HEADQUARTERS DEPARTMENT OF THE PACIFIC,
San Francisco, Cal., January 28, 1862.
Brigadier General LORENZO THOMAS,
Adjutant-General U. S. Army, Washington, D. C.:
From the latest and most reliable information I am more strongly than ever impressed with the importance of an early and prompt occupation of Guaymas.
Brigadier-General, U. S. Army, Commanding.
Copy of letter from Thomas Robinson, Esq.
* * * * * *
Immediately on the receipt of this please call upon General Wright, and state to him, in my name, that by express received by me to-day from Arizona, and from most reliable source, I have the following statement:
The Southern troops, under Colonel Baylor, Military Governor, are expected at Tucson within ten days, numbering 900 men. It is said they will immediately make a strong and continued campaign on the Apaches. Reports say (which, I fear, is very probable) they march into Sonora. In the mean while their headquarters will be at Calabazas, on the line. Agents to purchase flour, corn, &c., are actually in the Territory under escort. Contracts for hay have already been given out. Brigadier-General Sibley, C. S. Army, with 3,000 men, takes command in Arizona and New Mexico, and will immediately attack the United States forces in New Mexico. The Southern soldiers are full of fight. Only the other day 100 crossed the Jornada del Muerto, drove in the pickets of the United States forces, and made 40 prisoners.

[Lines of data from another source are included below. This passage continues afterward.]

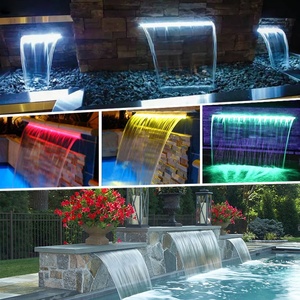 Açık dekoratif şelale perde ışık Abs yüzme havuzu iniş duvar şelale çeşme ile Led ışık - Product Image 3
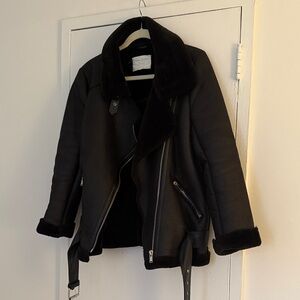 Zara Black Leather and Fully Lined Fur Moto Jacket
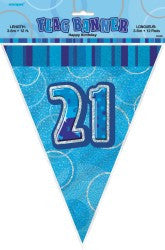 Glitz Blue Flag Banner - 21 (3.6m)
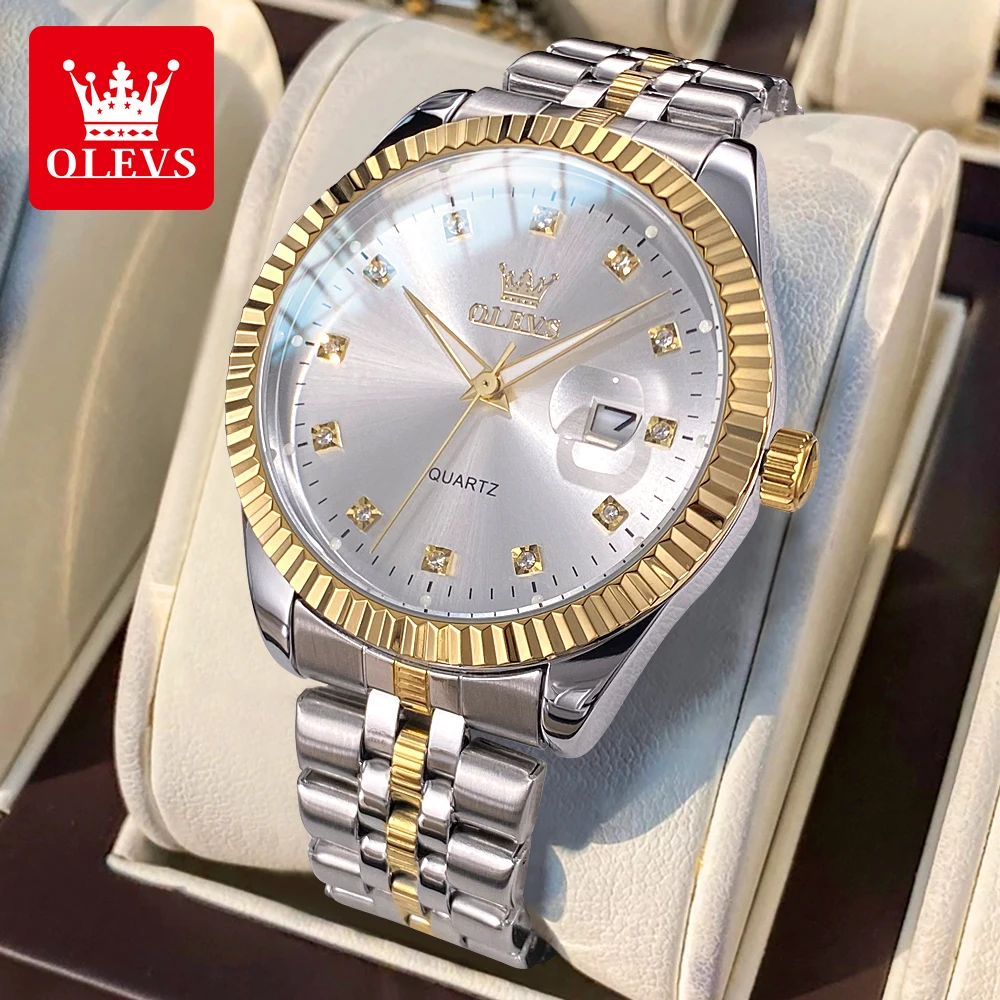 

OLEVS 5526 Original Men Watch HD Diamond Quartz Watch Stainless Steel Waterproof Luminous Calendar Business Prestige Men Watch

These same reports were afloat here three days since, when I arrived, and to-day are confirmed. There is no doubt in my mind as to the desires and intentions of these Southern forces. What the devil do they care for Arizona, without 100 souls in it, and nothing worth having there? They wish to march into Sonora, as is intimated from many sources, and take quiet possession, for we are not at present in condition to resist, having just passed through a very sore trial, although with success. If they once get possession of this State and its ports, the North may just as well give up the complete line through from Gulf of Mexico to Gulf of California, and it will require a supreme effort then to rout them.
This is no newspaper talk, but something certain, and the only way to avoid a most serious and difficult position is for the United States Government to send, without a moment's delay, the necessary forces to act.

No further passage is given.